5. Sale of Significant Ownership Interest in AgeX to Juvenescence Limited

 

On August 30, 2018, BioTime entered into a Stock Purchase Agreement with Juvenescence Limited and AgeX, pursuant to which BioTime sold 14.4 million shares of common stock of AgeX to Juvenescence for $3.00 per share, or an aggregate purchase price of $43.2 million (the “Purchase Price”). Juvenescence paid $10.8 million of the Purchase Price at closing, issued an unsecured convertible promissory note dated August 30, 2018 in favor of BioTime for $21.6 million (the “Promissory Note”), and paid $10.8 million on November 2, 2018. The Stock Purchase Agreement contains customary representations, warranties and indemnities from BioTime relating to the business of AgeX, including an indemnity cap of $4.3 million, which is subject to certain exceptions. The transactions contemplated by the Stock Purchase Agreement are referred to as the Juvenescence Transaction in this Report.

 

The Promissory Note bears interest at 7% per annum, with principal and accrued interest payable at maturity on August 30, 2020. The Promissory Note cannot be prepaid prior to maturity or conversion.
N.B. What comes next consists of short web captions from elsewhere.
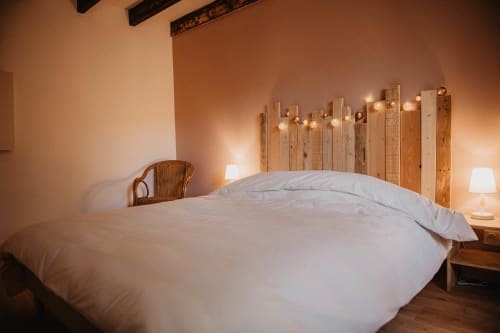 La chambre du cottage Repaire à Repaire Des Darous à Saulxures sur Moselotte avec linge blanc et tête de lit en bois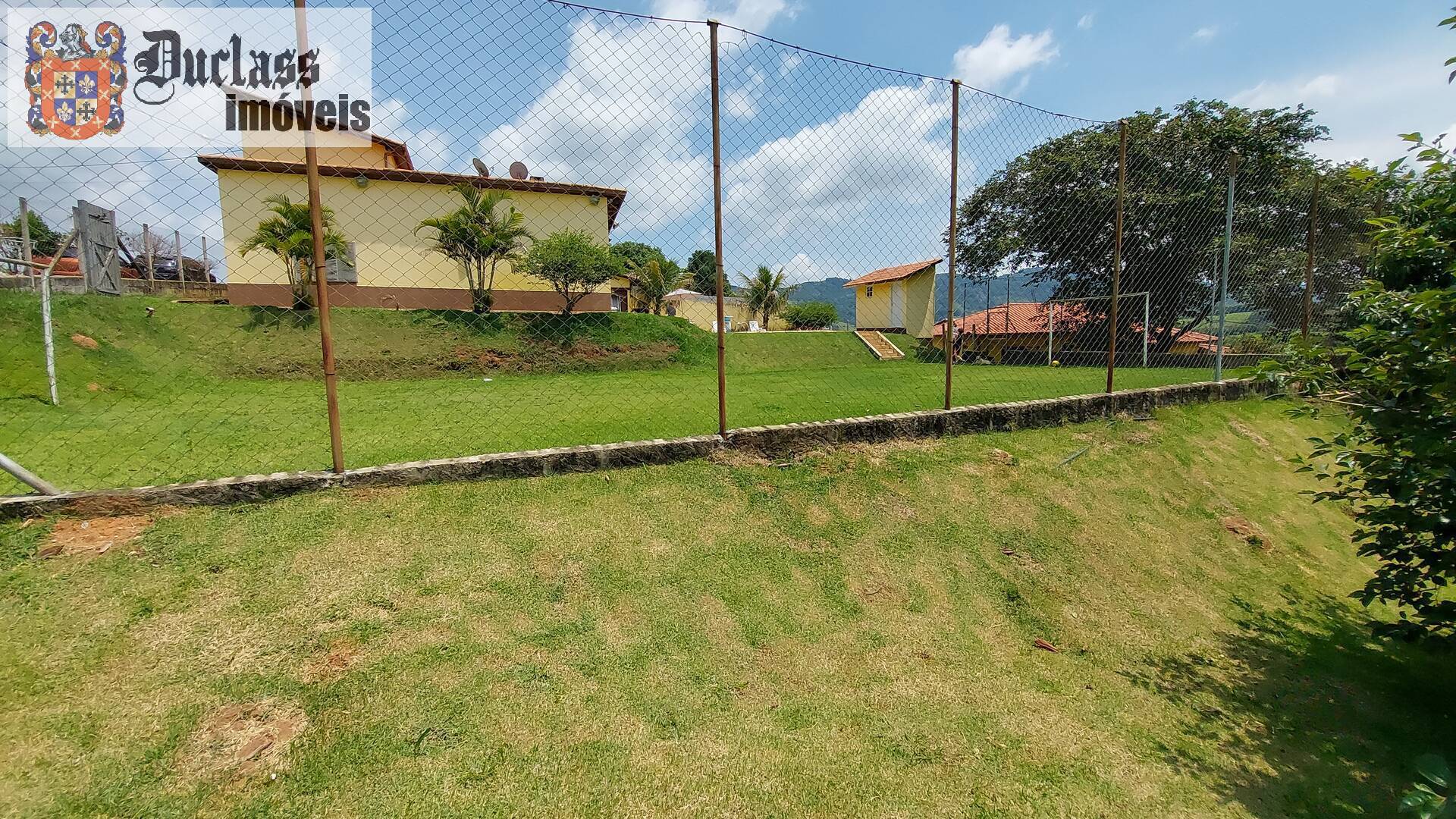 Chácara à venda com 4 quartos, 272m² - Foto 32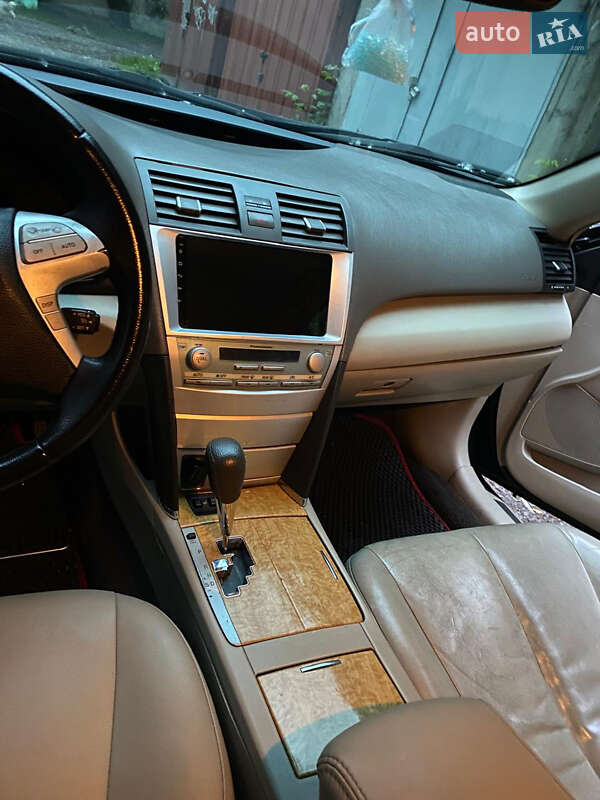 Седан Toyota Camry 2006 в Києві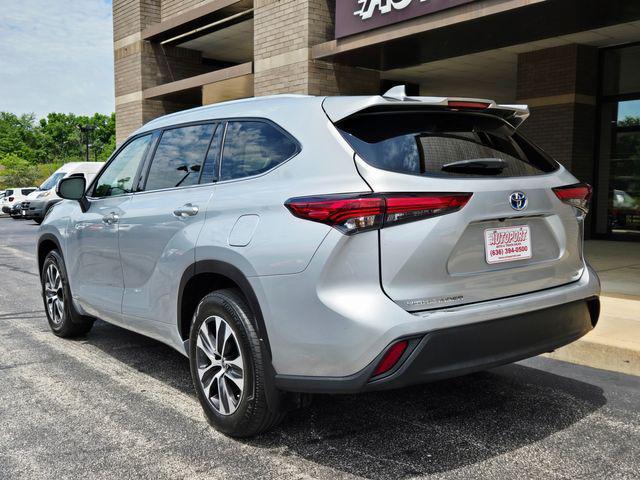 used 2022 Toyota Highlander Hybrid car, priced at $42,820
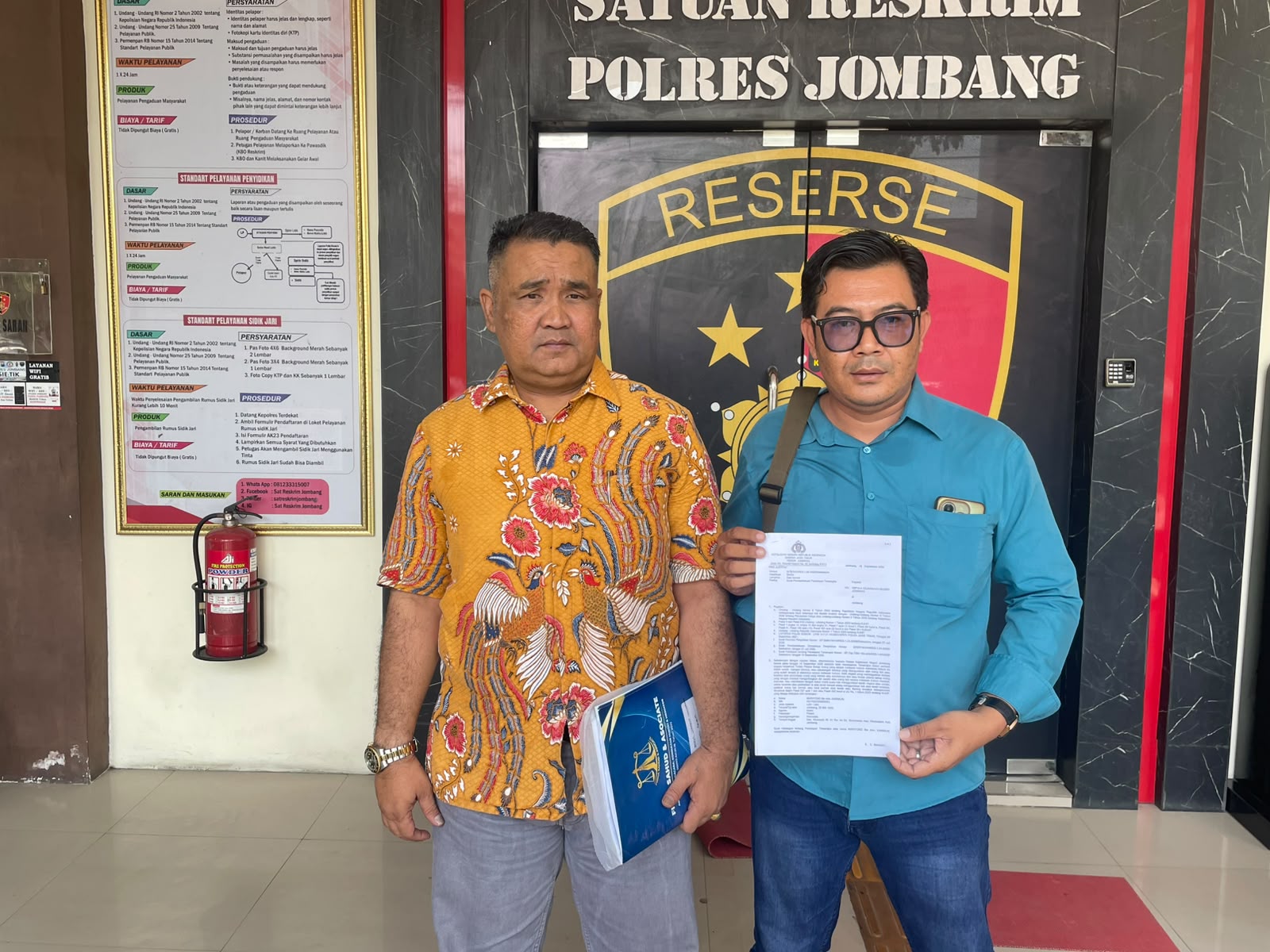 Kuasa Hukum Pelapor, Syahrial Saragih saat menunjukkan surat pemberitahuan penetapan tersangka atas kasus sengketa dan penguasaan lahan seluas sekitar 100 hektar di Desa Wonomerto, Kecamatan Wonosalam, Kabupaten Jombang, Selasa (15/9/2026).
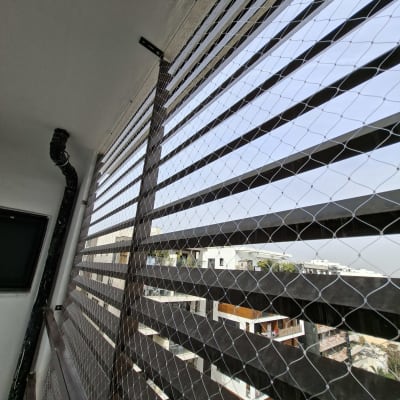 רשת יונים מותקנת על מרפסת בניין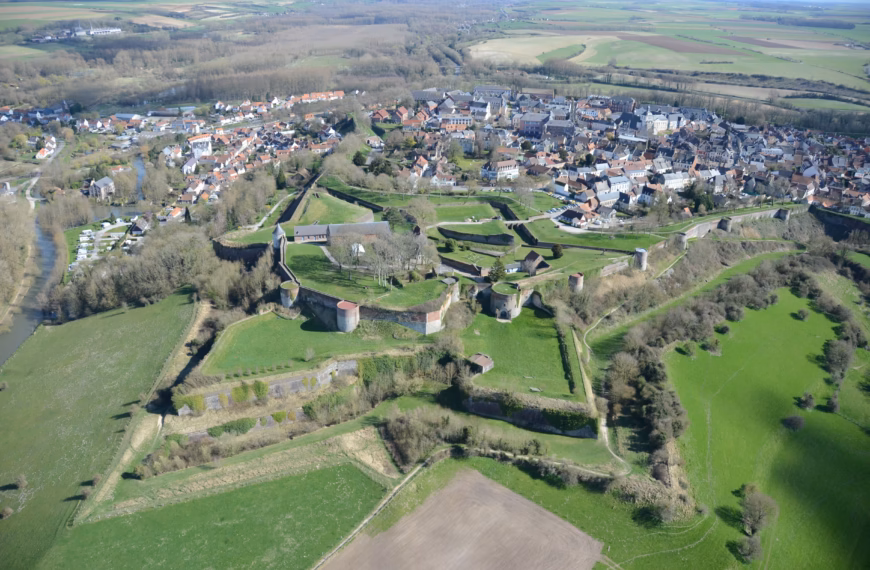 Vue aérienne d'une ville fortifiée.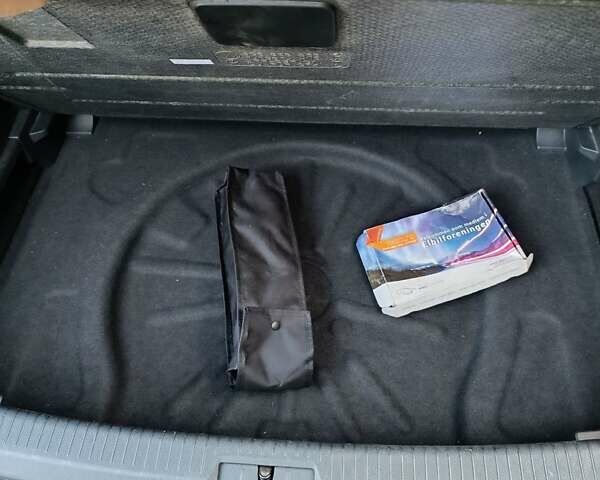 Чорний Фольксваген e-Golf, об'ємом двигуна 0 л та пробігом 120 тис. км за 7750 $, фото 26 на Automoto.ua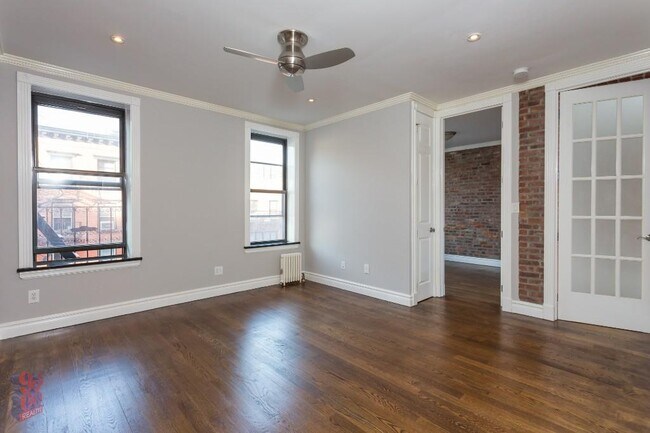 Building Photo - 340 E 18th St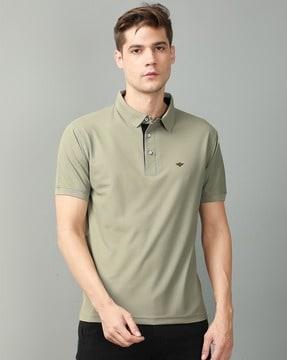 polo t-shirt with vented hems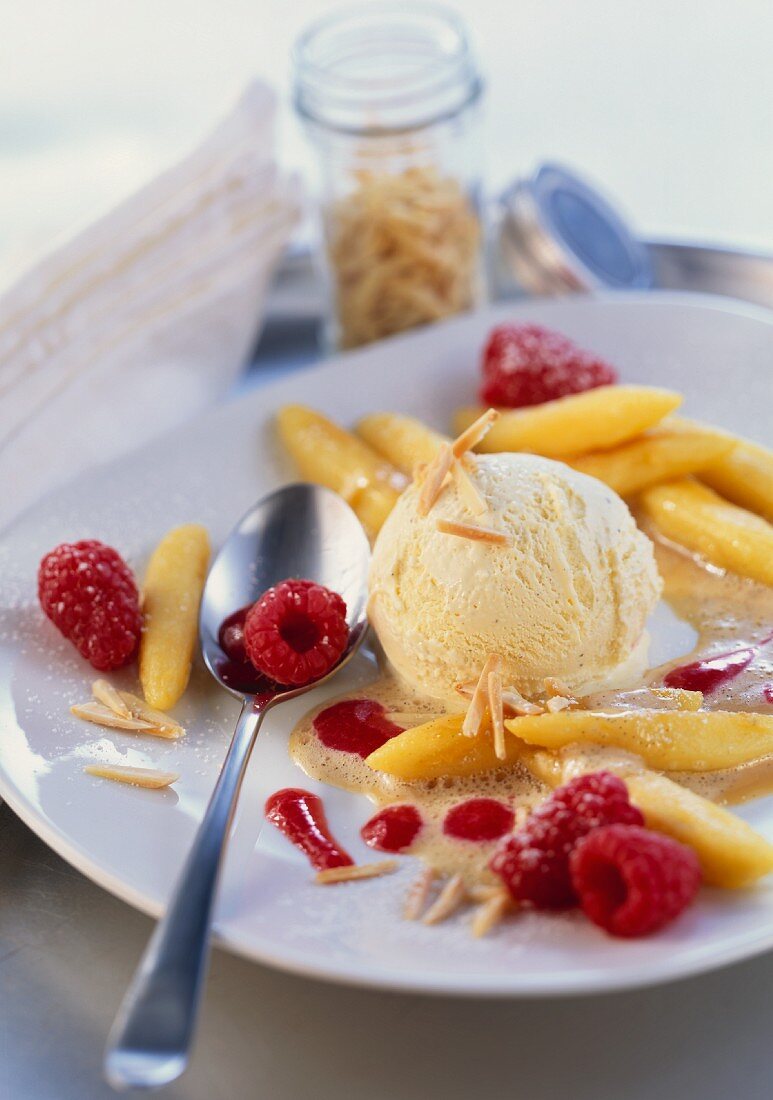 Schupfnudeln mit Vanilleeis und Himbeeren auf Mandelsauce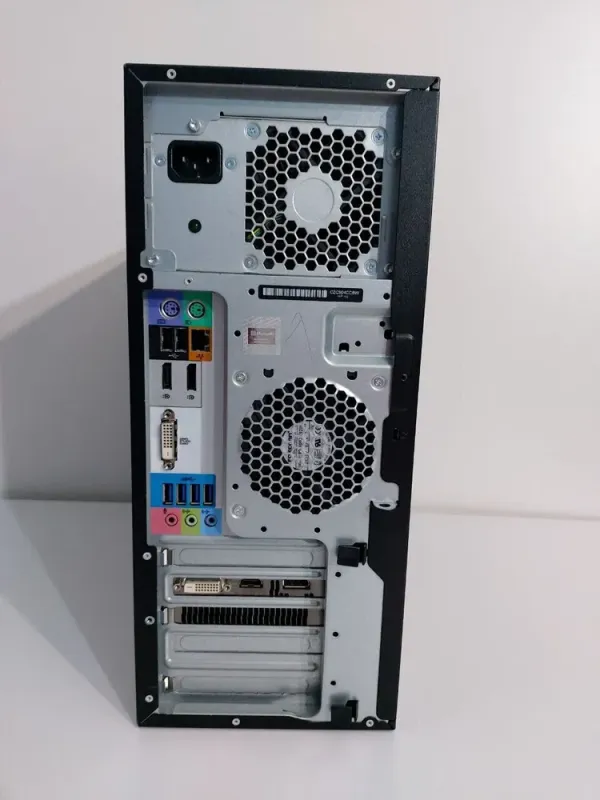 Робоча станція HP Z240 Workstation Tower / Intel Core i7-6700 (4 (8) ядра по 3.4 - 4.0 GHz) / 16 GB DDR4 / 256 GB SSD M.2 + 512 GB SSD / AMD Radeon RX 570, 4 GB GDDR5, 256-bit б/в - зображення 6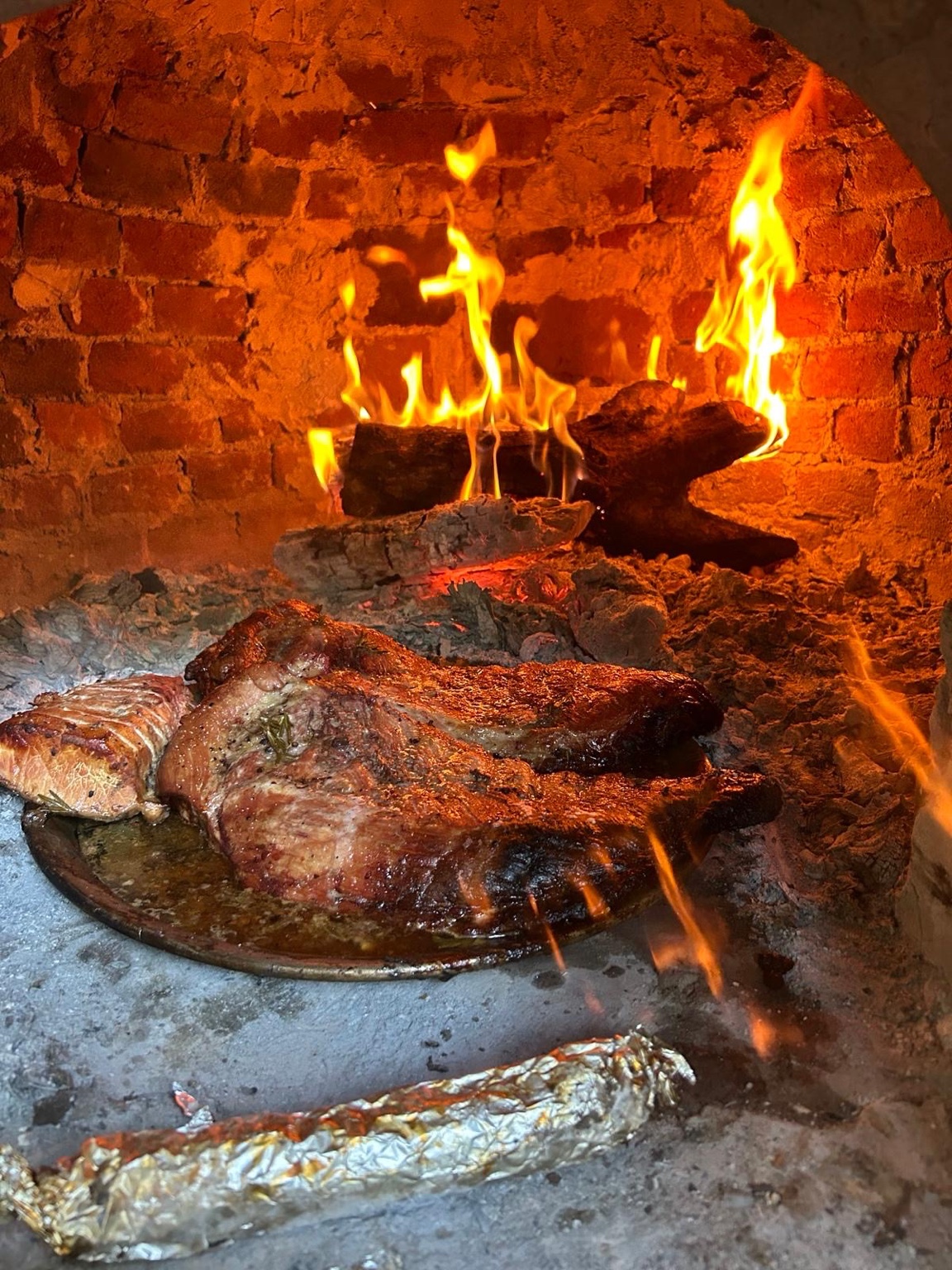 Horno artesanal con alimentos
On the maturity date, if a “Qualified Financing” (as defined below) has not occurred, BioTime will have the right, but not the obligation, to convert the principal balance of the Promissory Note and accrued interest then due into shares of Series A preferred stock of Juvenescence at a conversion price of $15.60. Upon the occurrence of a Qualified Financing on or before the maturity date, the principal balance of the Promissory Note and accrued interest will automatically convert into a number of shares of the class of equity securities of Juvenescence sold in the Qualified Financing, at the price per share at which the Juvenescence securities are sold in the Qualified Financing; and, if AgeX common stock is listed on a national securities exchange in the U.S., the number of shares of the class of equity securities issuable upon conversion may be increased depending on the market price of AgeX common stock. A Qualified Financing is generally defined as an underwritten initial public offering of Juvenescence equity securities in which gross proceeds are not less than $50.0 million. The Promissory Note is not transferable, except in connection with a change of control of BioTime.

 

For the three months ended March 31, 2019, BioTime recognized $378,000 in interest income on the Promissory Note. As of March 31, 2019, the principal and accrued interest balance of the Promissory Note was $22.5 million.

 

Shareholder Agreement

 

BioTime and Juvenescence entered into a Shareholder Agreement, dated August 30, 2018, setting forth the governance, approval and voting rights of the parties with respect to their holdings of AgeX common stock, including rights of representation on the AgeX Board of Directors, approval rights, preemptive rights, rights of first refusal and co-sale and drag-along and tag-along rights for so long as either BioTime or Juvenescence continue to own at least 15% of the outstanding shares of AgeX common stock. Under the Shareholder Agreement, Juvenescence and BioTime each had the right to designate two persons to a six-member AgeX Board of Directors, with the remaining two individuals to be independent of Juvenescence and BioTime. Following Juvenescence’s payment of $10.8 million on November 2, 2018 under the Stock Purchase Agreement, Juvenescence had the right to designate an additional member of the AgeX Board of Directors. As of April 30, 2019, Juvenescence has not exercised such right. Immediately following the AgeX Distribution on November 28, 2018 (see Note 6), BioTime owned 1.7 million shares of AgeX common stock, representing 4.8% of AgeX’s then issued and outstanding shares of common stock. Accordingly, in accordance with the Shareholder Agreement, as of November 28, 2018, BioTime had no right to designate any member to the AgeX Board of Directors.

 

In connection with the Juvenescence Transaction, the termination provision of the Shared Facilities Agreement (see Note 10) entitling AgeX or BioTime to terminate the agreement upon six months advance written notice was amended. Pursuant to the amendment, following the deconsolidation of AgeX from BioTime’s consolidated financial statements on August 30, 2018 (see Notes 6 and 10), each party retains the right to terminate the Shared Facilities Agreement at any time by giving the other party six months advance written notice, but BioTime may not do so prior to September 1, 2020.

 

On May 7, 2019, AgeX provided written notice that it will terminate its use of BioTime’s office and laboratory facilities as of July 31, 2019. The other provisions of the Shared Facilities Agreement remain in place at this time.